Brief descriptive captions
Start of Block

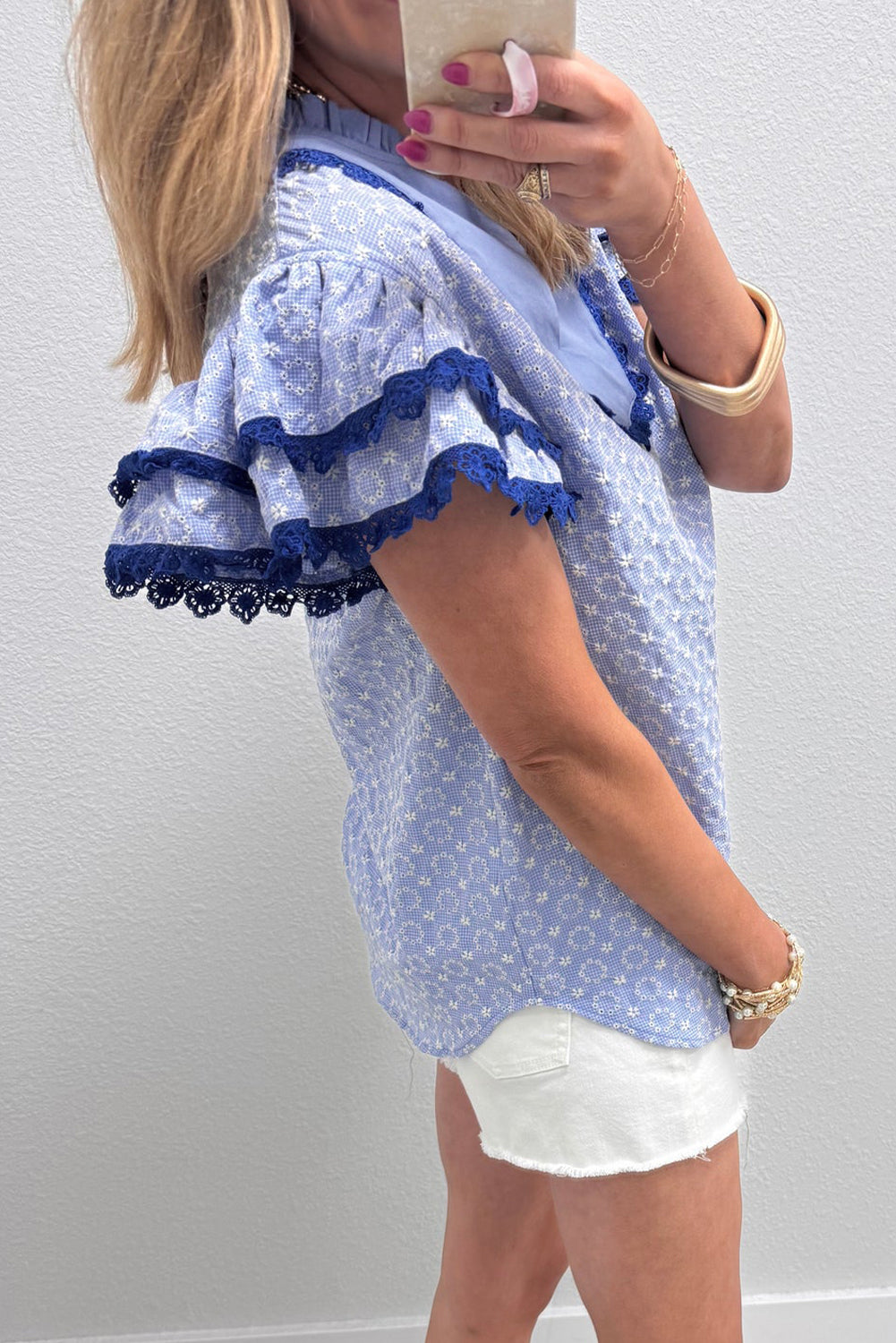 Beau Blue Flower Flutter Sleeve Blouse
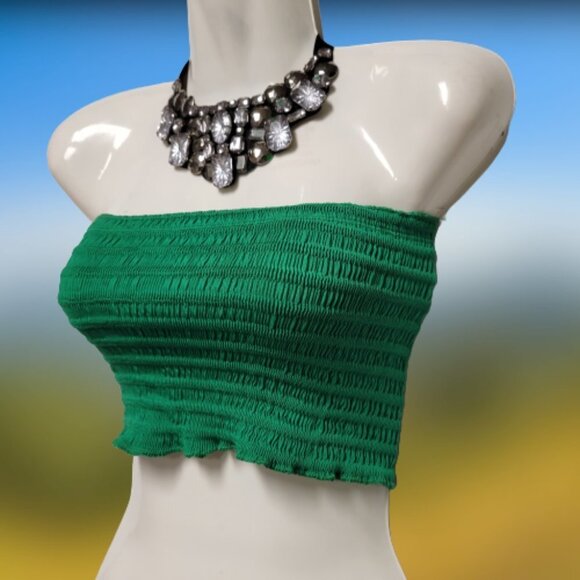 Green Sexy Crop Top Strapless Tube Top Smocked Stretchy Summer Bandeau - NEW - Picture 2 of 10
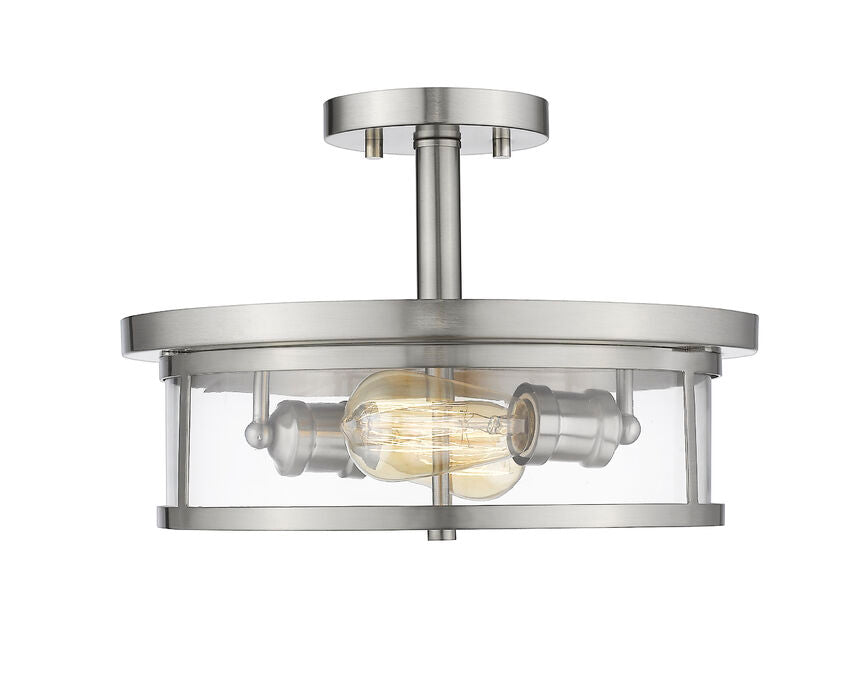 Z-Lite Savannah 14" 2-Light Brushed Nickel Semi Flush Mount With Clear Glass Shade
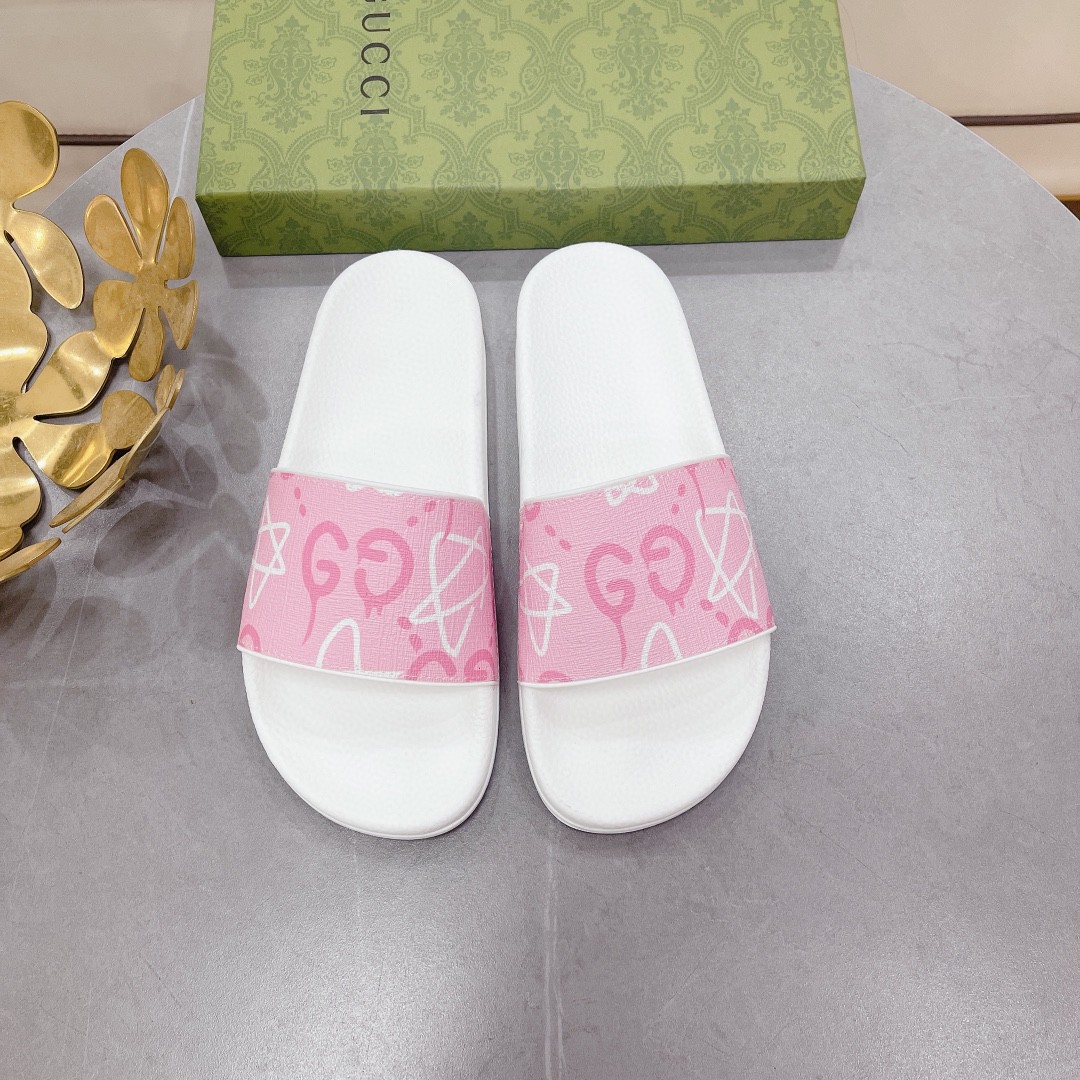 Gvc*1 Women’s GG Stars Print Slide Sandal Pink And White For Women 408508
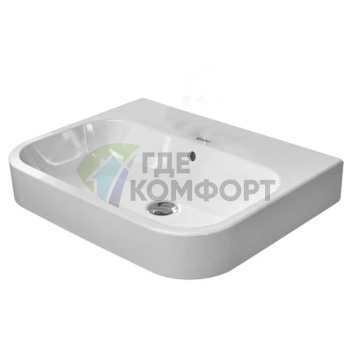 Раковина Duravit Happy D2 с переливом без отверстия 600x460 мм белый (2315600060) - фото 1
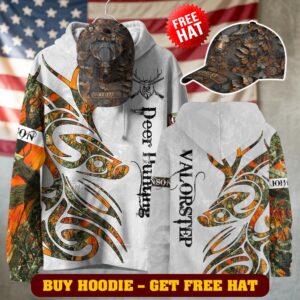 Custom Text Camo Tribal Deer Into The Woods #DQH0225 - Buy Hoodie Get Free Hat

End of Block

Only the lines from the one containing "Gvc*1 Women’s GG" through the final line of the data should be given again, exactly and without pictures.

# [WRITTEN RESPONSE]
 Gvc*1 Women’s GG Stars Print Slide Sandal Pink And White For Women 408508
 Раковина Duravit Happy D2 с переливом без отверстия 600x460 мм белый (2315600060) - фото 1
 Custom Text Camo Tribal Deer Into The Woods #DQH0225 - Buy Hoodie Get Free Hat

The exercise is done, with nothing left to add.